FAQ: common questions from directors and owners
What is network segmentation and why does it matter for nursing homes?
Network segmentation divides the network into zones so that systems with different trust levels cannot freely communicate. For nursing homes, segmentation reduces the chance that a compromised guest device, workstation, or vendor laptop can reach EHRs, medication systems, or payroll servers. It lowers breach scope, speeds containment, and supports HIPAA security expectations.

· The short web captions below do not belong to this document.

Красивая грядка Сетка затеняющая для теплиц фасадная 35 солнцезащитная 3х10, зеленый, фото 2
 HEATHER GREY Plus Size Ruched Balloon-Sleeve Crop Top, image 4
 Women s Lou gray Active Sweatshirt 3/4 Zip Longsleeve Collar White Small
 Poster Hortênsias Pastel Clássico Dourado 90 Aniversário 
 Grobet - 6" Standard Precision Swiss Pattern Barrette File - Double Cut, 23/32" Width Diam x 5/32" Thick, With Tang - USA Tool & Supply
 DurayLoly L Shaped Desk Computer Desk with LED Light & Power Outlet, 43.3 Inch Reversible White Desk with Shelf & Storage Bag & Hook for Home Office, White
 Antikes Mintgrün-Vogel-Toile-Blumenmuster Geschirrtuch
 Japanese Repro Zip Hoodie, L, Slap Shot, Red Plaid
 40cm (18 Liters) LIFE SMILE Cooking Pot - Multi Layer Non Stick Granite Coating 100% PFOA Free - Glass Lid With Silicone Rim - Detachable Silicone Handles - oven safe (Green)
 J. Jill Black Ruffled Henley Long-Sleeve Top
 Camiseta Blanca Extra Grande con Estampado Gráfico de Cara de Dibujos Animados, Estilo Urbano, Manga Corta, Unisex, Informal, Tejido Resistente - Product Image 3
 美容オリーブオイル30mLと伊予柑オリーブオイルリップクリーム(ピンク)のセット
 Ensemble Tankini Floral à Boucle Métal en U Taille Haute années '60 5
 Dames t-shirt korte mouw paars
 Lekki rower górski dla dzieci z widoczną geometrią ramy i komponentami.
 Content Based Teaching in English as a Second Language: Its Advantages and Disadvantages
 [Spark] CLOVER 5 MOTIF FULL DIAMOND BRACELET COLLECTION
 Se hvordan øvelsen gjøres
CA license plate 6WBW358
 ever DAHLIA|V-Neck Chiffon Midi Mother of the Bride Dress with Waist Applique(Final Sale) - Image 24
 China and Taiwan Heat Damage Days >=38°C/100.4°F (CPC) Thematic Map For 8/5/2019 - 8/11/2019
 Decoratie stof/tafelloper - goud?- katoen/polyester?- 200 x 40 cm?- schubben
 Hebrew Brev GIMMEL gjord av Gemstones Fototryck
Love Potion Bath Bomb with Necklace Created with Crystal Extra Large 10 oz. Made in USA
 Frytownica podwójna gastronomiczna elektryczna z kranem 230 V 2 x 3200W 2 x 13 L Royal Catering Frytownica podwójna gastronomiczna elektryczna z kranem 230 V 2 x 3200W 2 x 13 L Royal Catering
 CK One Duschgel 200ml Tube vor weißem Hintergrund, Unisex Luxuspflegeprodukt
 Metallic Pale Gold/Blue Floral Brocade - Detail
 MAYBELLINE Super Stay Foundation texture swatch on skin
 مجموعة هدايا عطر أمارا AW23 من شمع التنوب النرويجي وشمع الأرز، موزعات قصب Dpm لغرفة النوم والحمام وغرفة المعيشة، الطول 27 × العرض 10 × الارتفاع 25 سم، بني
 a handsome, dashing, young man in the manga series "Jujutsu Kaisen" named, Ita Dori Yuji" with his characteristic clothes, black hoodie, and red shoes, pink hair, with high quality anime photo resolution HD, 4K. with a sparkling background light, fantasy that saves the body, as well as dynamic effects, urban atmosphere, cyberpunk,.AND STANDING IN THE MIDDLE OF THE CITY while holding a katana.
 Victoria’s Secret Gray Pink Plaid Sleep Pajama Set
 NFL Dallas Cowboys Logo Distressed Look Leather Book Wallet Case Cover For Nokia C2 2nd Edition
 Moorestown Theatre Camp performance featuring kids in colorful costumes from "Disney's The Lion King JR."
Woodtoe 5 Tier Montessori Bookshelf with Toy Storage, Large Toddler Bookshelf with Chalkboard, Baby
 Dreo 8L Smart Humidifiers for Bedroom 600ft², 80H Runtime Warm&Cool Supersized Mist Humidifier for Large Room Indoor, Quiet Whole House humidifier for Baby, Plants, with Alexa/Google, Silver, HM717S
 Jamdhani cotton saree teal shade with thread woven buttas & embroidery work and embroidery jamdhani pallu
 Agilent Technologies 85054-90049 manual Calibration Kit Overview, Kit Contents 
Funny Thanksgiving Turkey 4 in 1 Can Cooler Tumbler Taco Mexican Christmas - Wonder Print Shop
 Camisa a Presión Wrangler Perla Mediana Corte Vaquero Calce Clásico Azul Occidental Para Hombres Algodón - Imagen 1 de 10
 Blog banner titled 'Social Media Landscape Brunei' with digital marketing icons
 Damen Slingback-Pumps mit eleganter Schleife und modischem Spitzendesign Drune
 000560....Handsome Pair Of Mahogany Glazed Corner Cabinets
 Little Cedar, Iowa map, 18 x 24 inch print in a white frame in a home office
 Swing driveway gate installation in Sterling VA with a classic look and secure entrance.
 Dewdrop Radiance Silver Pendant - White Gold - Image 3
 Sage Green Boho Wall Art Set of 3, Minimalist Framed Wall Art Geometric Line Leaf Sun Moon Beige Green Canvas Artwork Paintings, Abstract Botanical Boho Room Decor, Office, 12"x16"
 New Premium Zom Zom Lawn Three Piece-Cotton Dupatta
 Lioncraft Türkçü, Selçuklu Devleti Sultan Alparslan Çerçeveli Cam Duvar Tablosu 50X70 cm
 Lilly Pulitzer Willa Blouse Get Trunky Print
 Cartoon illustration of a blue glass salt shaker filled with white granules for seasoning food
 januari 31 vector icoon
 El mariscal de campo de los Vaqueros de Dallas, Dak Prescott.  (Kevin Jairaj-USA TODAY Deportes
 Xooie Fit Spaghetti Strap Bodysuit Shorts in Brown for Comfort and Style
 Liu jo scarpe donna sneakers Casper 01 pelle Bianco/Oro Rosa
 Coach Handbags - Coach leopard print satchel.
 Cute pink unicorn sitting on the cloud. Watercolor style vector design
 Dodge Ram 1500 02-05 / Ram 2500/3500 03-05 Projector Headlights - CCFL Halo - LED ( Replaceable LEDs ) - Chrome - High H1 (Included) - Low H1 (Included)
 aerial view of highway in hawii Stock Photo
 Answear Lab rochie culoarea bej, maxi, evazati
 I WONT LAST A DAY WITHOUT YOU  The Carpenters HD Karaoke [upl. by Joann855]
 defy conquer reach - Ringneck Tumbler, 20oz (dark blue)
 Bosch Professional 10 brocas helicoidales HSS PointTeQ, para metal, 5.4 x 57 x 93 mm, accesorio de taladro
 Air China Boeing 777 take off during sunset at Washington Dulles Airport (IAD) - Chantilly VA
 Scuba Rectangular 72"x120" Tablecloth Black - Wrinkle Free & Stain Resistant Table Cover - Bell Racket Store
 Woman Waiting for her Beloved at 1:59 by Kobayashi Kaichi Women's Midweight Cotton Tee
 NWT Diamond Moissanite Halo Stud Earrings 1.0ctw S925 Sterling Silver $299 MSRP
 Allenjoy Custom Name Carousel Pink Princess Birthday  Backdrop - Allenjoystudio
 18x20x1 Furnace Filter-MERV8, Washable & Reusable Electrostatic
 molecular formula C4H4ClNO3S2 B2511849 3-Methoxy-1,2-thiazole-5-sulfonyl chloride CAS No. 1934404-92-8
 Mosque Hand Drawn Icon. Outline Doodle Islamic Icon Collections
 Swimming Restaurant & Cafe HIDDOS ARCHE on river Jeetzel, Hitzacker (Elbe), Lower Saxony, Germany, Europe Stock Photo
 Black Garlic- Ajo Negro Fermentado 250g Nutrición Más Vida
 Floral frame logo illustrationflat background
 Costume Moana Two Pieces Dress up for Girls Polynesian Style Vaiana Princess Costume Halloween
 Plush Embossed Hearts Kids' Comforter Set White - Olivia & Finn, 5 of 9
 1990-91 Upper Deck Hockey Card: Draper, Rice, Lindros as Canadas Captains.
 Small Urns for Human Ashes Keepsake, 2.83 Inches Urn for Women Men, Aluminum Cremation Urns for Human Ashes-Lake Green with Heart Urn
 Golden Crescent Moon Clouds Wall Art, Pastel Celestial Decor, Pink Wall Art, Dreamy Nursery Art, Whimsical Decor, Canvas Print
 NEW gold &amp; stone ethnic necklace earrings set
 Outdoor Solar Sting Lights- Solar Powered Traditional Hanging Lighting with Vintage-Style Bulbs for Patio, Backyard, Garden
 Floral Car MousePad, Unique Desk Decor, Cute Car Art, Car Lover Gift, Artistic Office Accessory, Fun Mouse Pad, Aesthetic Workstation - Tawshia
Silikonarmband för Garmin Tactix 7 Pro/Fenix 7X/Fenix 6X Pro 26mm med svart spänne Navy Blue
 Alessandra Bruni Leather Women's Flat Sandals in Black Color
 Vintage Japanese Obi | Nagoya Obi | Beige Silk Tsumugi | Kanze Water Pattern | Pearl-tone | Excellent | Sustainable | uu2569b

How much will segmentation cost and how do we justify it to the board?
Costs vary by facility size and current architecture. Justification should focus on avoided costs: reduced remediation and downtime, lower regulatory fines, and continuity of clinical care. Use the 30-day outputs (asset map, list of critical quick wins) to produce a short ROI slide for the board showing estimated remediation cost reductions and improved uptime.
Can legacy medical devices be safely segmented without vendor upgrades?
Yes. Put legacy devices in a restricted VLAN and control their allowed destinations through a protocol gateway or gateway-based proxy. Pair that segmentation with continuous monitoring and compensating controls like strict ACLs and scheduled vendor-only windows. Document all exceptions and require quarterly review.